Zach Rozenbaum 1 Avishay Elis 2,3 Meital Shlezinger 4 Ilan Goldenberg 3,4 Avi Leader 5 Morris Mosseri 3,6 David Pereg 3,6
1Department of Internal Medicine D, Sourasky Medical Center, Tel Aviv
2Department of Medicine, Beilinson Hospital, Rabin Medical Center, PetachTikva
3Sackler Faculty of Medicine, Tel-Aviv University, Tel Aviv
4Department of Cardiology, Sheba Medical Center, Tel hashomer, Tel hashomer
5Department of Internal Medicine A, Meir Medical Center, Kfar Saba
6Department of Cardiology, Meir Medical Center, Kfar Saba

Introduction: The CHA2DS2-VASc score has been recommended for the assessment of thromboembolic risk in patients with atrial fibrillation or flutter. The current study was aimed to assess the association of the CHA2DS2-VASc score with clinical outcomes in patients with ACS.

Methods: Included in the study were patients with ACS enrolled in the Acute Coronary Syndrome Israeli biennial Surveys (ACSIS) during 2000-2013. Patients were divided into 4 groups according to their CHA2DS2-VASc score (0 or 1, 2 or 3, 4 or 5, and above 5). The primary endpoint was 1-year all-cause mortality.

Results:
The 13,422 patients had a mean age of 63.5±13 years and included 25.8% females. Higher CHA2DS2-VASc score was associated with a significant increase in 1-year mortality. Patients with a CHA2DS2-VASc score >5 had the highest 1-year mortality risk that was 6-fold higher compared to patients with a score of 0 to 1. (Hazard ratio=6, 95% CI=4.1-8.8, p<0.0001). However, even an intermediate CHA2DS2-VASc score of 2-3 was associated with a significant 2.6-fold increase in 1-year mortality. Despite their high mortality risk, patients with a higher CHA2DS2-VASc score were less frequently selected for an invasive strategy with an early coronary angiogram and subsequent angioplasty and were less commonly treated with the guideline-based cardiovascular medications.

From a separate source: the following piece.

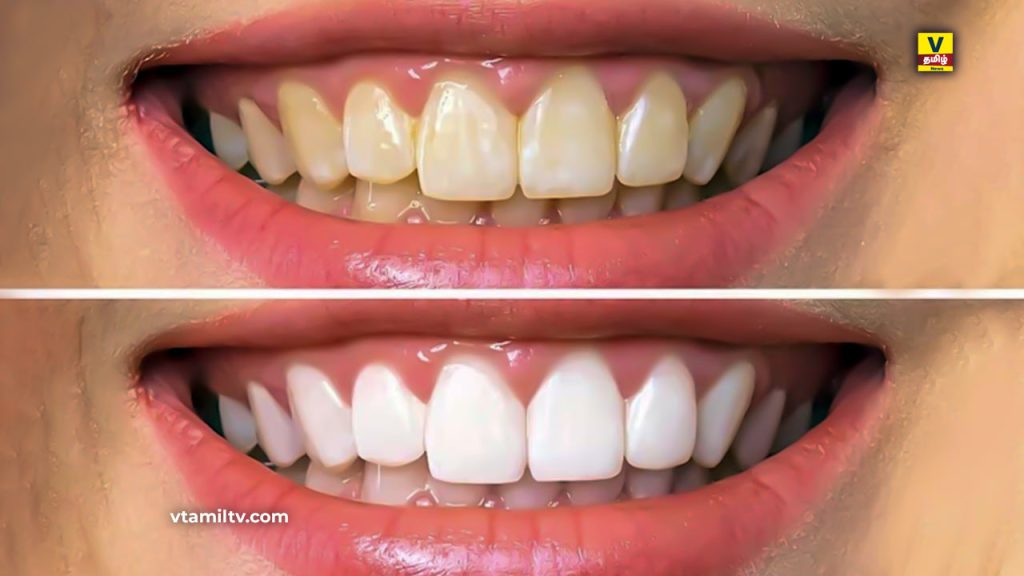 Home Remedies for Yellowing Teeth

Conclusions: CHA2DS2-VASc is a simple and readily available score which can be used for early risk stratification of ACS patients. Higher CHA2DS2-VASc score identifies high-risk patients that may be overlooked by existing scores. These patients are less frequently selected for an invasive strategy and are undertreated with the guideline-based medical therapy. Our findings suggest that the CHA2DS2-VASc score may be used together with the GRACE score for an improved risk assessment of ACS patients.